### Supplied information
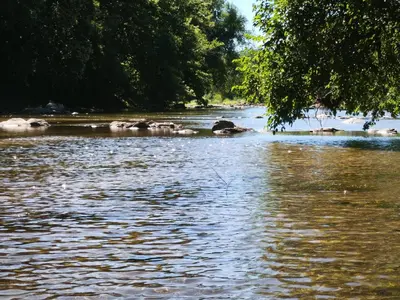 a river with a group of animals in the water at Sonidos del Rio Aparts in Santa Rosa de Calamuchita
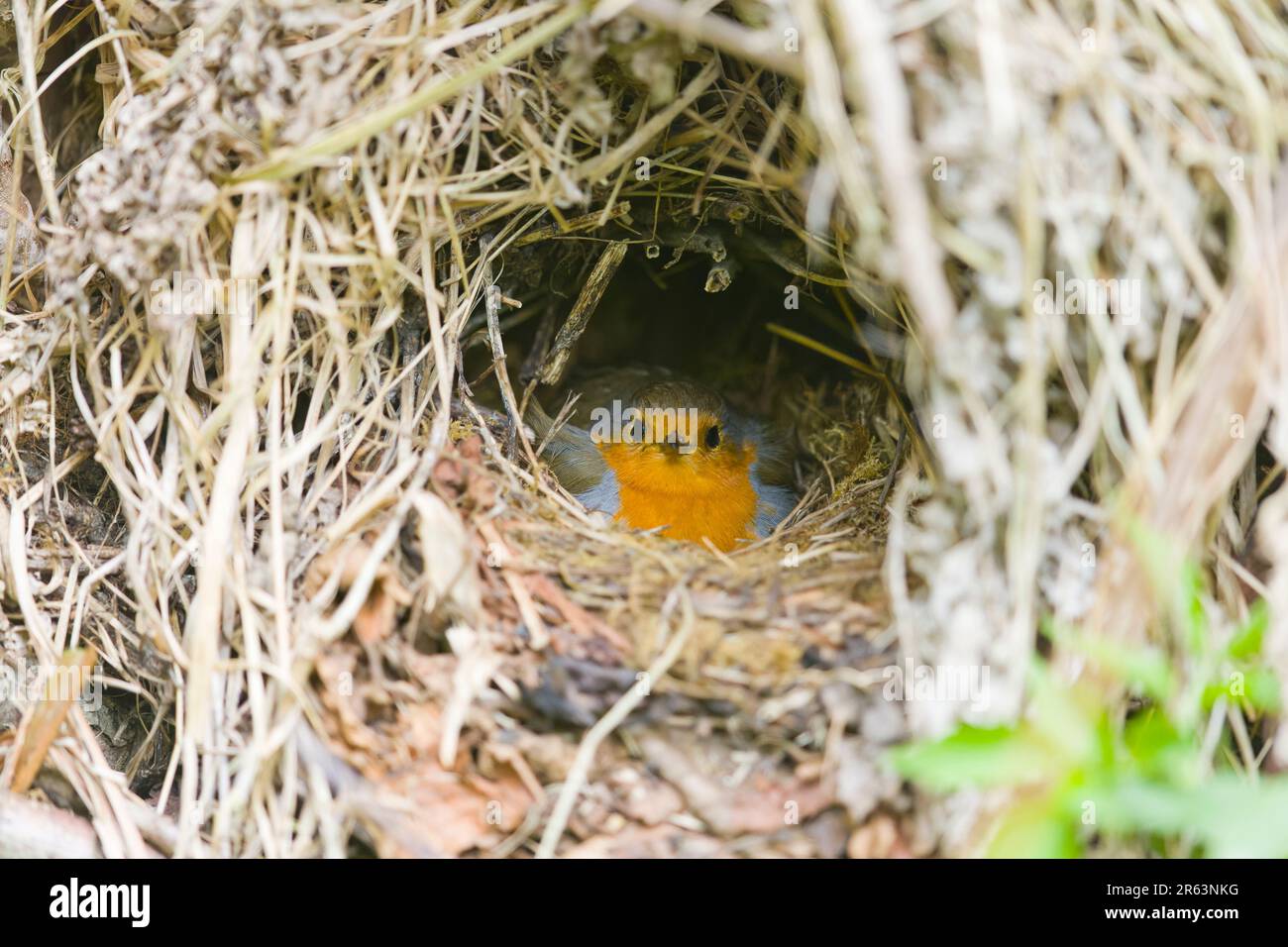 European robin Erithacus rubecula, adult female sitting on nest, Suffolk, England, May Stock Photo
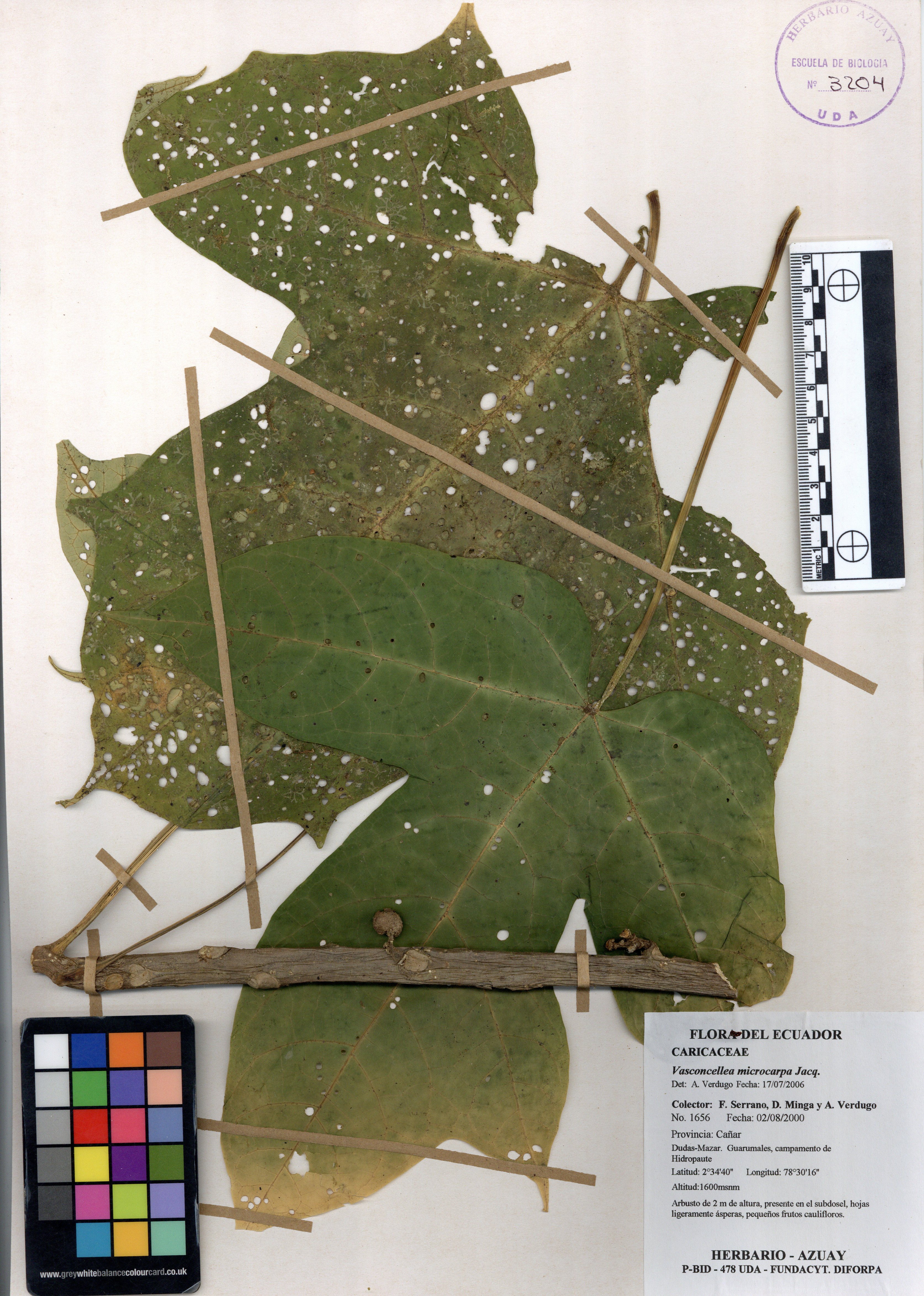 Vasconcellea microcarpa Jacq.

### Task details
From the line containing "European robin Erithacus" to the end of the listing, restate each line word for word and nothing more; the pictures stay out.

### Task response
 European robin Erithacus rubecula, adult female sitting on nest, Suffolk, England, May Stock Photo
 Vasconcellea microcarpa Jacq.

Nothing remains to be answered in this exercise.